I wanted to blend in
For as long as I can remember, I always loved wearing lots of color. But those post-baby months and years were full of black. The decision to dress in the dark color wasn't because I was too tired to decide what to wear. It was a purposeful decision that reflected my inner anxiety at the time.
All I wanted to do was blend in. Black was a way to blend in.
In 2015, a year after my daughter was born, I was still wearing black, but there was this one outfit I wore — I dressed up the black with brilliant red lipstick and red boots. It was the start of me starting to feel like me again.

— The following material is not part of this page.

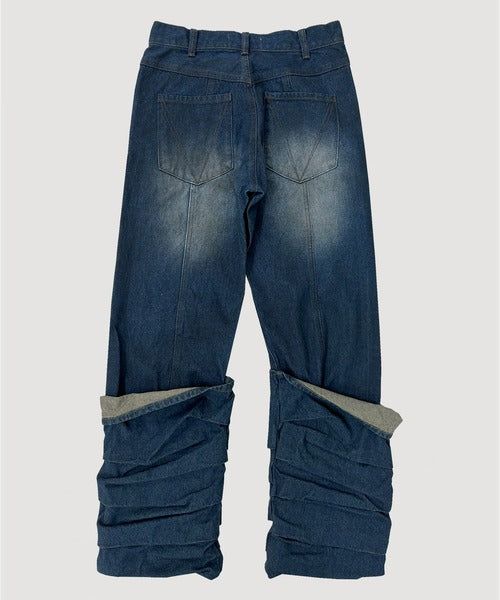 OVERLAP TUCK DENIM PANTS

A year later, I gave birth to my second daughter, but I also picked up a freelance contract for a high street company. Working again felt right. I've always been the kind of person who needs something besides just family life, and I feel like this was it. My oldest was in p,reschool and I just worked around the baby. For the first time in years, I also wanted to make clothes for myself. I made a skirt, a gray printed skirt, and was so proud of myself.
I couldn't find anything I liked, so I made my own
I continued making my own clothes, for my own personal use, in 2017. I wanted to add some color back in, after years of black. I went shopping to find something that caught my eye, and I couldn't find what I was looking for. I wanted a piece no one else had, something unusual.
I found a printing company in the UK to print my surface design onto wool and found a seamstress close by to make the skirt I had designed. It was unique, and I loved it. It was a rainbow skirt.
When I posted it on Instagram, my feed absolutely blew up. The skirt went viral, and so many people wanted it. It was a huge turning point and the start of my own brand.
I had never intended to have my own brand — I just wanted to make clothes that made me feel good. But a brand is what it all became.
I started wearing color again
After that rainbow skirt, I found myself again. I started wearing color again and helping others do the same.
I was contacted by shops that wanted to sell my clothes to their customers, and I was traveling all around the world showing my collections. It happened in the blink of an eye.
It just kept snowballing. I was making a million pounds at one point.
Everything I created, I wore. It was all bright or pastels, inspired by the rainbow.
During the pandemic, I created a loungewear collection. By day, I was homeschooling my two girls, and in every spare moment, I was packaging for customers.
I enjoyed growing my business during this time and connecting with my community on social media, but I remember it being a lot to handle.
I'm focused on sustainability
At the end of 2023, I decided to start slowing everything down. I had recently turned 40 and didn't want to be traveling all the time, leaving my kids behind. I didn't want to be rushing around constantly, without any time to just enjoy designing without a deadline.
Since then, I've been thinking more about sustainability — no one needs this much retail. I've stopped my big collections, and I'm not producing hundreds of wasted samples and production that contribute to landfills.
In hindsight, I know I wasn't happy during my black clothing phase, but I wouldn't change it. It was a part of my journey. If I hadn't been through it, I might not have had the idea to create a rainbow skirt, and none of this would have ever happened.